Best Practices for Oracle CDC Source Connector for Confluent Platform¶
This document describes the best practices for configuring the Oracle CDC connector.
- Check Database Prerequisites
- Use Latest Connector Version
- oracle.service.name for PDB
- Full Supplemental Logging
- Archive Log Files Retention Period
- Unique Redo Log Topic Per Connector
- Tasks Count
- Redo Log Fetch Size
- Connection Pool Settings
- Up-to-date Database Stats
- Numeric Type Mapping
- Transactions Buffering
- Snapshots in Parallel
- Infrequently Updated Databases
Check Database Prerequisites¶
Some errors may occur if you do not satisfy all the database prerequisites before configuring the connector. To ensure you meet all requirements, see Oracle Database Prerequisites before moving forward.
Use Latest Connector Version¶
Use the latest version of the connector from Confluent Hub. This includes every enhancement, bug fix, and performance improvement done to the connector. The changelog records the specific changes in each version.
oracle.service.name
for PDB¶
Set oracle.service.name
to the container database (CDB) service name when
using a pluggable database (PDB).
Full Supplemental Logging¶
The connector’s performance depends on the size of the redo log and the count of redo log records that it needs to process. To minimize the redo log generated, enable full supplemental logging only for the tables of interest and not the entire database.
For a multi-tenant database with tables of interest in a PDB:
- Up to version 21c, enable minimal supplemental logging for the root container (CDB$ROOT), and enable full supplemental logging for the tables of interest in the PDB.
- For version 23ai, enable minimal supplemental logging either at the root container (CDB$ROOT) or at the PDB level, and enable full supplemental logging for the tables of interest in the PDB.
Archive Log Files Retention Period¶
Set the retention time for archived redo log files to be longer than the maximum time the connector is allowed to be out of service. Confluent recommends you set log retention policies to at least 24 hours. If you have a shorter retention policy and your table doesn’t have many activities, the connector may not be able to find a record with the last committed SCN.
Unique Redo Log Topic Per Connector¶
You must not share redo log topics among connectors. This can cause unexpected behavior.
Tasks Count¶
You can configure the connector to use as few as one task by setting
tasks.max
to 1, or scale to as many tasks as required to capture all table
changes.
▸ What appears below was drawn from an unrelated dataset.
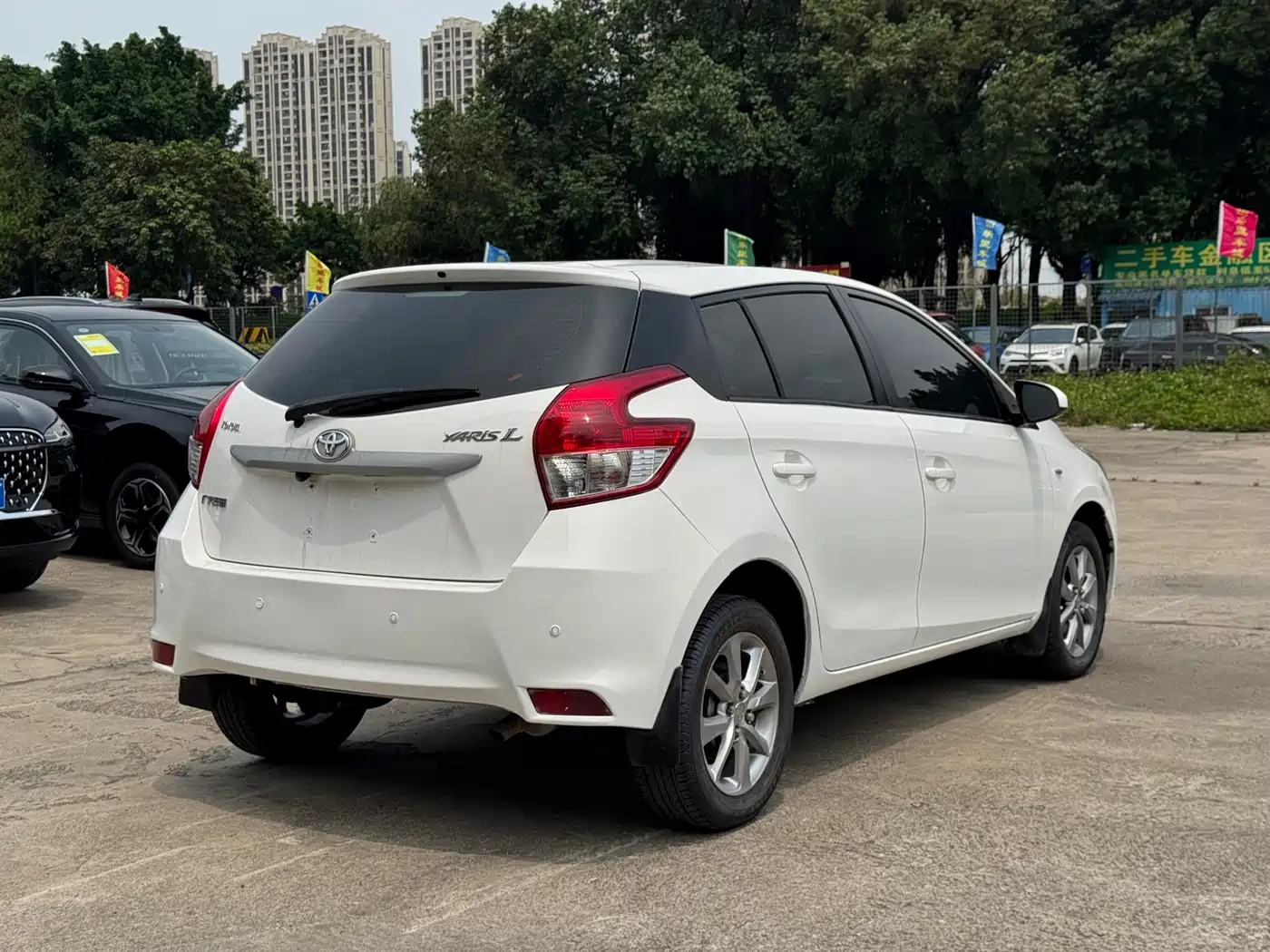 Toyota YARiS L Zhi Xuan 2015 1.5E Auto Charming Edition фото 14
For maximum parallelism, set the number of tasks to be one plus the
number of tables being captured.
Redo Log Fetch Size¶
Consider increasing the redo.log.row.fetch.size
from the default (10) to
increase throughput. To find an optimal setting, benchmark the workload with
different values. Optimal value depends on various factors, including network
latency, available memory, and driver version.
Connection Pool Settings¶
The connector uses one connection to stream changes from the Oracle database. In addition, it uses one connection per table during the initial snapshot phase. Once the snapshot is complete, only the task that reads redo log from the database will require a connection to the database to stream database changes into the redo log topic.
Up-to-date Database Stats¶
The connector reads from the ALL_TABLES
view to get the tables accessible to the
current user. Ensure the statistics are up to date to improve query performance.
This is especially important on Confluent Cloud where timeouts are set on these
queries.
- DBMS_STATS.GATHER_DICTIONARY_STATS
- DBMS_STATS.GATHER_FIXED_OBJECTS_STATS
Numeric Type Mapping¶
You can use the numeric.mapping
configuration property to map numeric types
with known precision and scale to their best matching primitive type.
numeric.mapping
documents the specific precision and scale required on each
numeric type to be able to map to a given connect primitive type.
Transactions Buffering¶
Starting from version 2.0.0, the connector buffers uncommitted transactions in
the connector’s memory. If you have long running transactions and
record.buffer.mode
is set to connector
, ensure you have sufficient
memory for your Connect workers. If not, consider breaking these long running
transactions into smaller transactions, avoiding a potential out-of-memory
issue.
Snapshots in Parallel¶
You can configure the connector to perform snapshots in parallel for large
tables that are partitioned in Oracle. Set snapshot.by.table.partitions
to
true
to assign more than one task to one table (if the table is
partitioned). This reduces the overall time required to perform the snapshot by
scaling out the number of tasks.
Note
When running a connector with snapshot.by.table.partitions=true
, create
table-specific topics ahead of time.
Infrequently Updated Databases¶
Use the heartbeat feature (see the following note) in environments where
the connector is configured to capture tables that are infrequently updated so
that the offsets stored in the source offsets topic can move forward. Otherwise,
a task restart could cause the connector to fail with the ORA-01291 missing logfile
or ORA-01292: no log file
error if the archived redo log file corresponding to
the stored source offset has been purged from the database.
Note
This feature is available from version 2.3.0 for Oracle 19c and in subsequent supported database versions. For supported versions prior to Oracle 19c, use version 2.7.0.